Phil apprenticed with David Hilliard’s yard in Sussex before coming to Canada in 1969 where he started with McQueen’s, moving on to Grenfell, Celtic shipyards, and the B.C. Forest Service before going out on his own and working as an independent shipwright. One of his projects was the restoration of the well-known cutter Cresset, a winner in the first years of this festival. In 1979, he and his wife Sandra bought Cove Yachts in Maple Bay. Over the past 30 years they have built Cove Yachts from one set of ways into a full service yard, developing a sterling reputation in the wooden boat fraternity, for both commercial and yachts, hauling and doing complete repairs to boats up to 80 feet.
Jacqueline is a Master Mariner whose love for sailing began as a child in the Netherlands.
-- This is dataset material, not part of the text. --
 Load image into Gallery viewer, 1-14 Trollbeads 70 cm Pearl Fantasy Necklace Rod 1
She has been involved in the recreational boating community since 1989 and is an Offshore Yachtmaster ISPA instructor. Commercially, Jacqueline has worked as master and officer on various vessels including cruise ships, the Halifax pilot boat, Canadian Coast Guard vessels, and various eco-tourism charter vessels on both the Pacific and Atlantic coasts of Canada. Her experience also includes many years on traditional sailing ships in Europe, the Caribbean, and Pacific Coast. She owned and operated the 90-foot Traditional Steel Schooner, White Raven II, which she sailed from the Netherlands to Vancouver. Jacqueline attended the North West School of Wooden Boat Building in 2000. She now lives on Gabriola Island where she operates a boat canvas and sail repair business. She also instructs various Transport Canada Certified Courses at Camosun College in Victoria.
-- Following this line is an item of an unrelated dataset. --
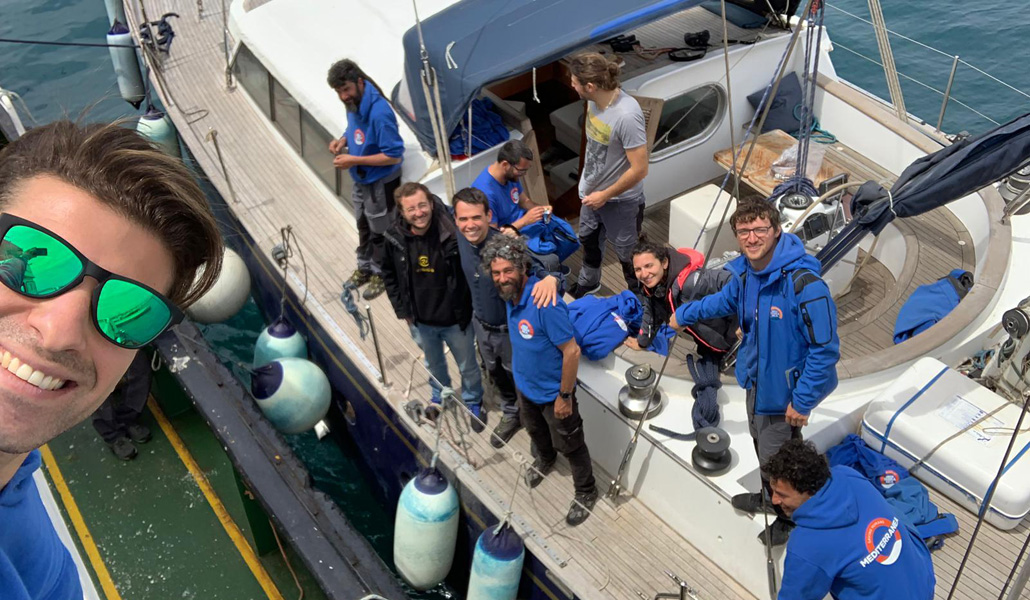 Miembros de Mediterranea Saving Humans en el velero Alex, barca de apoyo de la ONG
Tad grew up in the BC coastal town of Pender Harbour, British Columbia, a logging and fishing hub, and always a haven for coastal characters. He studied at the Maine Maritime Academy (Yacht Design Institute) and then joined the Bruce King Design office in 1987 and spent 14 years there becoming principal designer, working on a diverse range of projects. In 2001, he returned to the West Coast, this time settling and opening an office in Silva Bay on Gabriola Island. He has continued to design and consult in both power and sail. Tad is instrumental in helping keep the working legacy of our coastal boat culture alive. His community activity on Gabriola Island include organizing the successful shipyard raid, which importantly helps engage youth in boats. He is presently working on a new project, Documenting Historic BC Boats, which includes a book and a web site, to help preserve our BC maritime heritage.